I’m part of a church community called the Borough Common that meets every Sunday night. Over the next 6 weeks, we are running sessions that explore the concept of “community”. Last Sunday, people shared their experiences of the community and this prompted me to write a bit about mine. So here’s a bit about my church:
We call ourselves the Borough Common because we believe that church should be common property and we’re based in Borough, South London. If you’re into categorisation, then we probably fit into the category of alternative church (here’s one definition of what that might mean) because when compared with most expressions of church, we do things pretty differently.
We are about four years old and I’ve been going since the foundations with varying degrees of energy and commitment, where commitment can just involve attending, whereas energy is about getting stuck in and shaping things. I get the most out of Borough Common if I can give both.
Most churches have a declaration of what they believe which helps knits them together as one body. Ours is intentionally broad. We say we “want to grow together spiritually and do good in the world around us”. As well as valuing the idea of church as common property, we also quickly realised that inclusiveness is highly valued and we designed structures around this. Every 6 weeks we have an open planning session where anyone can participate in planning a service around a theme, which is also selected together. Here’s some examples of themes…

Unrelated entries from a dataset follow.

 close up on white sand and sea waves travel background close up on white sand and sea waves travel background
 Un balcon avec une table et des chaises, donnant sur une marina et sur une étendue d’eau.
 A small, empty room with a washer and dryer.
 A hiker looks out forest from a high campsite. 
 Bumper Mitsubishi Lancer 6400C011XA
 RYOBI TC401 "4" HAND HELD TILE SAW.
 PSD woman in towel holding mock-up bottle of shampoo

Leadership, growing together spiritually, stories from the bible, creed, building substance, our local community, Christian saints, taboos…
By having the opportunity to run a service, you can work with others to explore topics in depth, and curate an evening that might be discussion based, practical or meditative – variety is encouraged. Every 4 weeks or so, we have a big meal together. This structure means the church is shaped by the community.

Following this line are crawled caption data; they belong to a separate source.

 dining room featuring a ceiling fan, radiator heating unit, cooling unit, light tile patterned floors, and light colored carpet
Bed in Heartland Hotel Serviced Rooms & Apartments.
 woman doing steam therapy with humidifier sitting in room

It’s a simple way of structuring church that feels right for me. However it’s not for everybody. There are so many expressions of Christian faith with churches formed to house. None can be perfect, and perhaps we shouldn’t wish them to be. We aren’t challenged or motivated when everything’s cosy and comfortable.
Sometimes people have proposed it’s a vulnerable structure. For example, what would we do if we are infiltrated by 30 Buddhists one evening! What type of church might we become then? Well, that’s yet to happen and it would be a great experience if it did. We aim to place value on the importance of being welcoming and engaging with all forms of opinion. This is a space where people can discuss and explore beliefs.

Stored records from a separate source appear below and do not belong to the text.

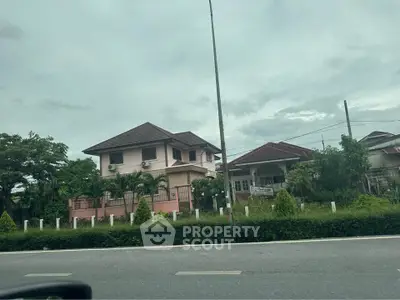 Charming suburban house with lush greenery and spacious front yard.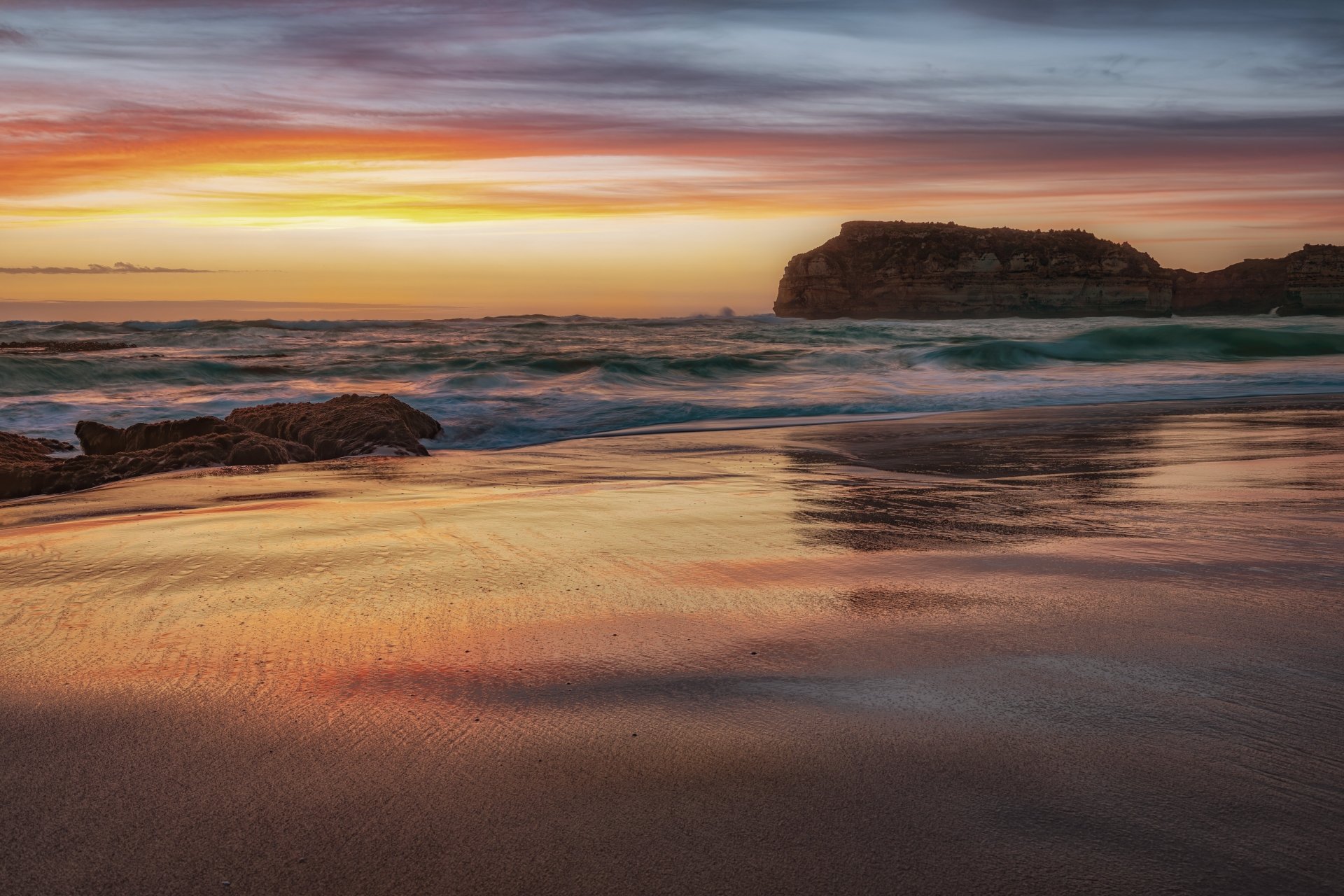 4K Ultra HD desktop wallpaper showcasing a serene beach at sunset with gentle ocean waves and a rocky cliff under a colorful sky.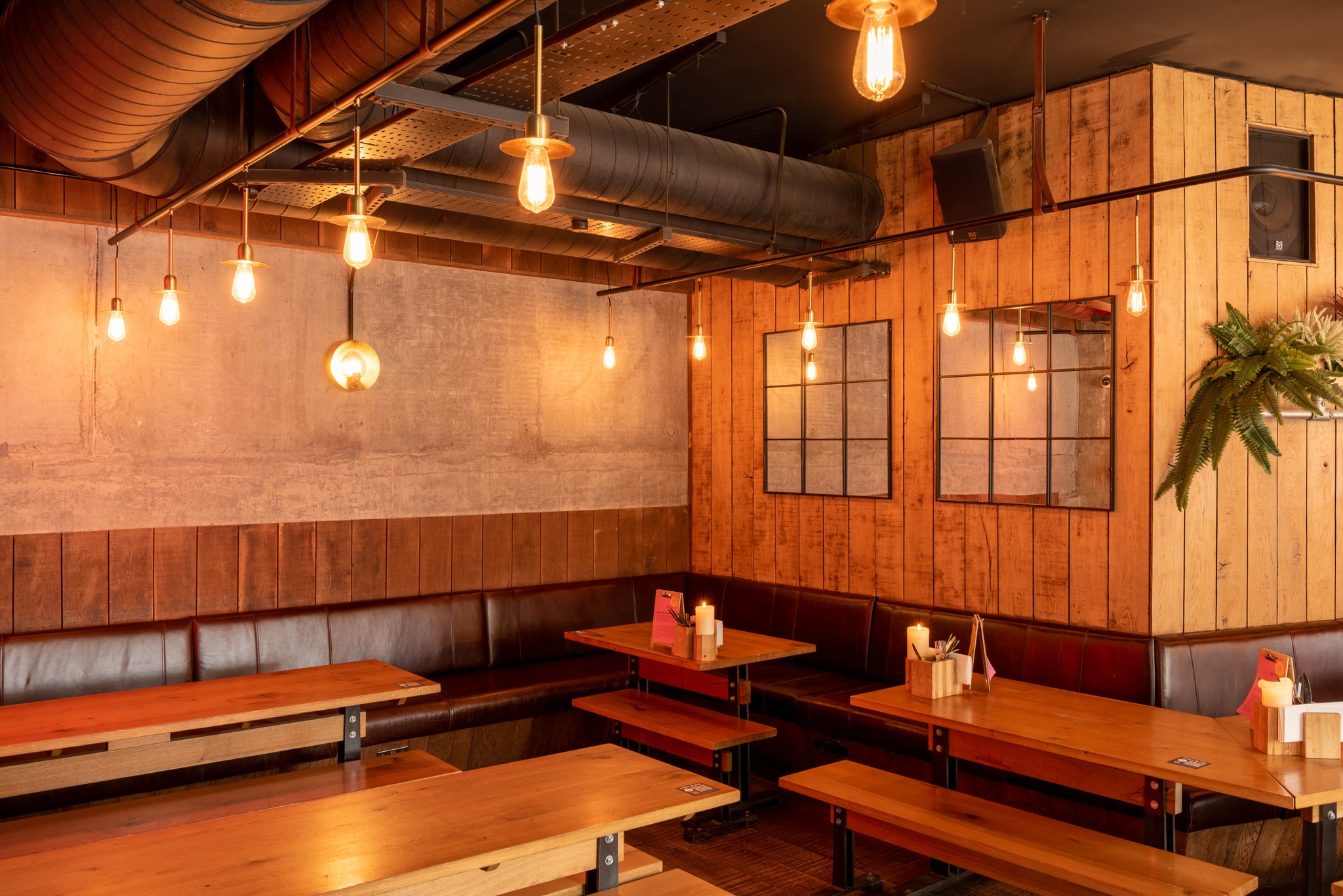 Cozy modern venue with wooden accents for networking events in Birmingham.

I love being part of Borough Common because it’s an honest community. A community that grapples with issues, seeks truth, and recognises that we don’t have all the answers. We go on adventures. We put on tea parties for older people. We help run homeless shelters. We drink ale. We explore our local community. We try and reconcile our place in the global community.
As we stride into the new year and we’re feeling fresh with new hopes for the year ahead, it’s a good time for us to explore this concept of community. When reflecting on something that is important for fostering community, a fellow commoner Jonathan picked out his passion for openness in all its forms. He also described an interesting distinction between complex and complexity. The idea came from this TED talk, which Eric Berlow explains how complex doesn’t necessarily equal complicated.
Rather that hold a complex set of beliefs as a church, we start with simple ideas and shared beliefs and from this we find beauty in the complexity that emerges. Life is complicated and no one should be alone in trying to navigate through life. I’m grateful to have good communities like the Borough Common to help me embrace the complexity and help identify some of the simple truths that lie within.